В эту минуту вошёл Бажен. Скользнул взглядом по пустым рюмкам и бокалам, ничего не сказал, выдвинув голову вперёд, пошёл к своей комнате.
— Стой-ка, сынок, — позвал его отец. — Выпей с нами, пожелай молодым счастья, поздравь сестру-то, замуж выдаём.
Бажен остановился. Стоял набычившись, ни на кого не глядя, спиной к отцу, пока тот говорил. А на последнем слове чуть не бегом бросился к своей двери и исчез за ней.
Юля
— Вот видишь, как ты расстроила нас всех! — сказал отец.
Юля сцепила пальцы, ноги переплела, застыла в неподвижности — никакая сила не высвободит её к жизни.
— Мы ещё с ним подружимся! — Аркадий подошёл к Юле. — Ты что так побледнела? Ты что так испугалась? — Осторожно, едва касаясь, провёл пальцами по её косе. — Ложись скорее, Юленька, поспи, и все страхи уйдут со сном.
— Я хочу гулять всю ночь! — пролепетала Юля.
— Что за глупости?! — рассердился отец. — Последнюю ночь проведёшь дома. Точка. Я тебе, бизнесмен, завтра помогу обойти закон. Знаешь, небось: три месяца испытательный срок, не прошла любовь, женитесь, пожалуйста. Наше село — большое, и порядки в нашем Загсе — городские: жди три месяца! Директриса любит «Опиум». Это такие духи. Махну на рассвете в город. За «Опиум» пометит заявление тремя месяцами раньше.
— Юля, скажи, чего ты так боишься? — тревожно спрашивает Аркадий. — Замуж выходить? Или ещё причина есть? Ты как каменная стала. Скажи! Я помогу тебе!

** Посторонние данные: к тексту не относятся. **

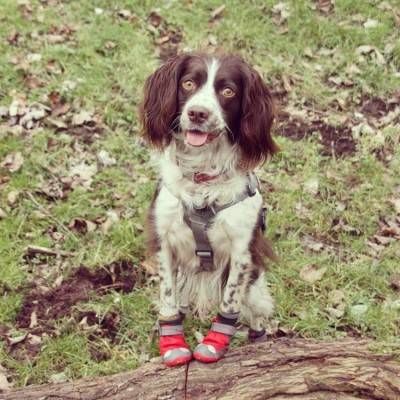 Ruffwear Grip Trex 2 buc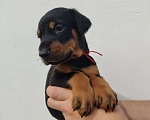 Собаки в других городах Московской области: Щенки добермана Мальчик, 70 000 руб. - фото 1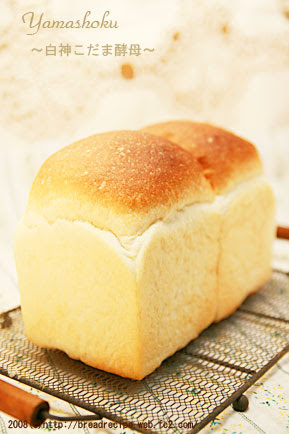 手作りパン 白神こだま酵母 パンcafe日和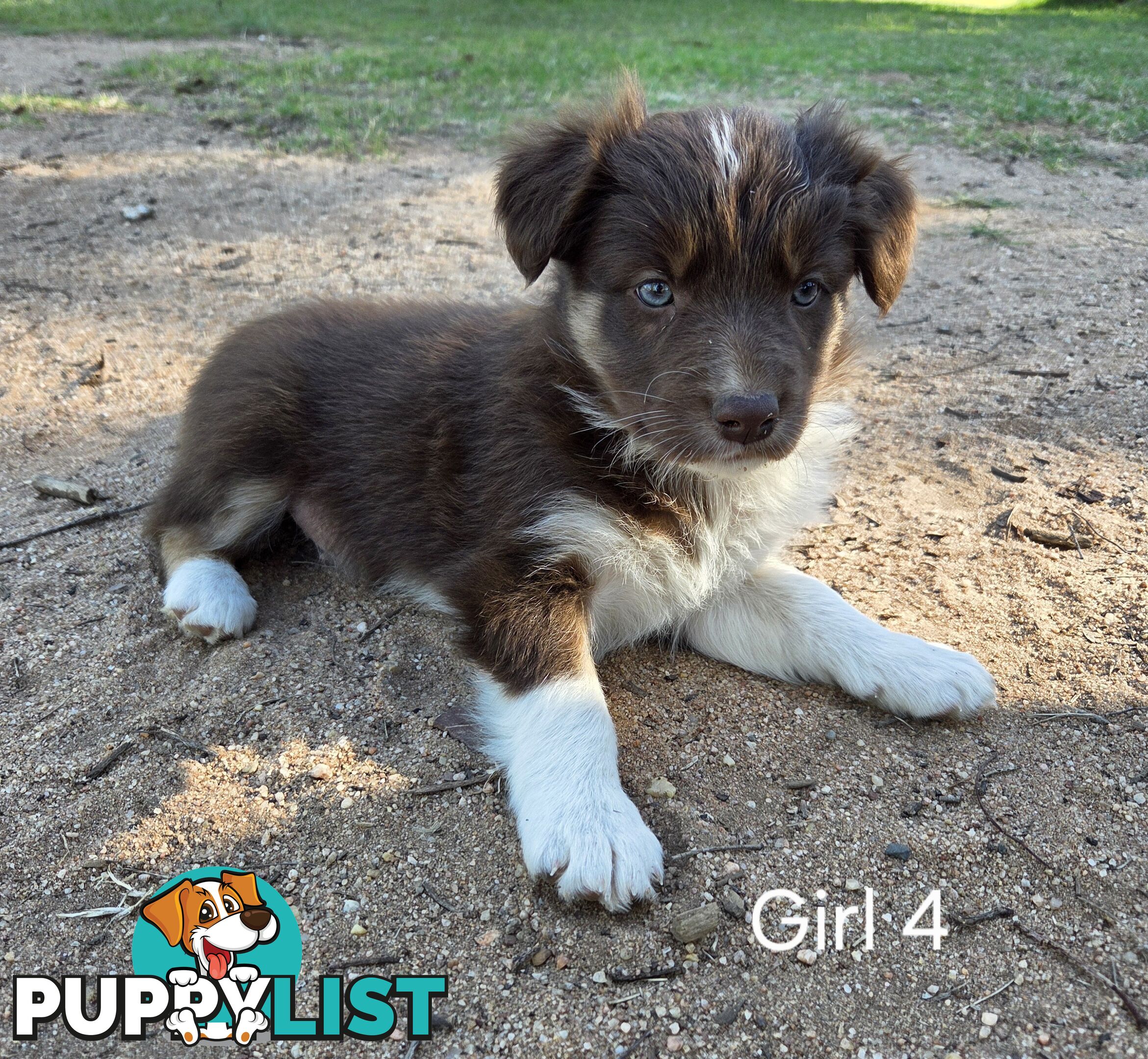 Border Collie pups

Наконец впервые за вечер мама смотрит на Юлю, и под её взглядом Юля возвращается к жизни. Первое живое чувство — голод. Она не обедала, ждала застолья — вкусно поесть, а встретилась с Аркадием и ни к чему не притронулась. Не успела подумать о еде, а мама уже несёт ей блюдо с фруктами и тарелку с кукурузными лепёшками.
— Ты голодная, наверное, — говорит мама. — Пойду, подогрею чай. — А сама продолжает стоять и смотрит на Юлю. — Ешь, пожалуйста, доченька, а я тебе спою твою любимую «Ёлочку». Маленькая, ты не ела и не засыпала без неё.
В лесу родилась ёлочка,
В лесу она росла…
Настолько неожиданно звучит эта детская песенка, что отец и Аркадий удивлённо смотрят на маму. А Юля вдруг расслабляется — как в детстве, простая эта песенка смазывает кровоточащие раны, тушит страх.

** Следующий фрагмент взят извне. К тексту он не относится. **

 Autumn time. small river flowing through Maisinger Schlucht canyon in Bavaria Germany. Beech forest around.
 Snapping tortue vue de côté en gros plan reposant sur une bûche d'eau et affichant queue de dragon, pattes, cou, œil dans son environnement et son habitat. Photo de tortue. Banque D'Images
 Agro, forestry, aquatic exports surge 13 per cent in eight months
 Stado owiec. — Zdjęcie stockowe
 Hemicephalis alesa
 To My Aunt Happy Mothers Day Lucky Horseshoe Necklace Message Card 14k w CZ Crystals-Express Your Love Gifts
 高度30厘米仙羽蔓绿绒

И Юля берёт абрикос, жуёт.
Мама обрывает песню и спрашивает Аркадия, не сводящего с неё восхищённого взгляда:
— Вы не отужинаете с нами? Пожалуйста!
— Спасибо, — тихо говорит Аркадий. — Мне никто никогда не пел детских песенок. Я лучше пойду. Застолье затянется, а так Юленька перекусит и — спать. Она без сил, — повторяет он.

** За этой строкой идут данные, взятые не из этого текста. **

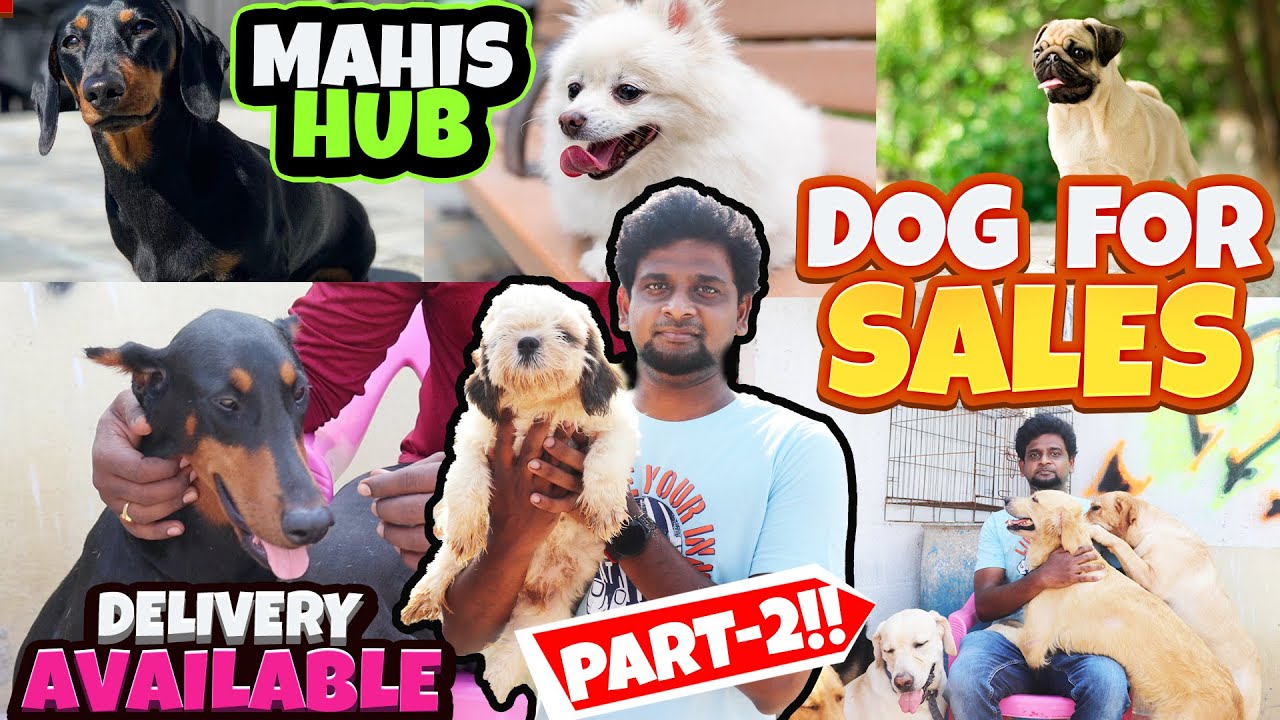 DOG For Sales/Delivery Available/Puppy's Price List/ Dog Kennel in Tamilnadu/mahis hub/PART- 2/SE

И осталось в гостиной всё, как было до появления здесь Аркадия. Размазанный по стене, сияющий глянцем гостеприимный буфет, приглашающий в каждую из своих потайных ниш, притворённых дверцами, пахнущих или ванилью, или бродящим мёдом. По полу — серо-песочный, с оранжевыми, розовыми, сиреневыми цветами ковёр, вытканный Юлей и матерью. Просторный стол, за которым умещалось и двенадцать человек, а сейчас сидело трое: набухший сердитой краснотой отец, выглядывающая бледным испугом из нарядного платья мама и она, Юля. Стояли торжественные, с высокими резными спинками, стулья вокруг стола. Глядели на неё с этажерки чучела зверушек и птиц — экспонаты маминых уроков. Отражал горящие огни помолвки метровый экран телевизора. Напротив телевизора — диван и два кресла. А ещё музыкальная аппаратура Бажена, которую он включал, как только предоставлялась возможность, кресло в углу, журнальный столик и торшер в нарядной юбке из бахромы — обособленное уединение: читай газеты, листай журналы. И, наконец, выделанная под кирпич, холодная сейчас печка с закрытой дверцей. По стенам — картины отца. И над всем их нарядным богатством стелется дым от незатухающей сигареты отца.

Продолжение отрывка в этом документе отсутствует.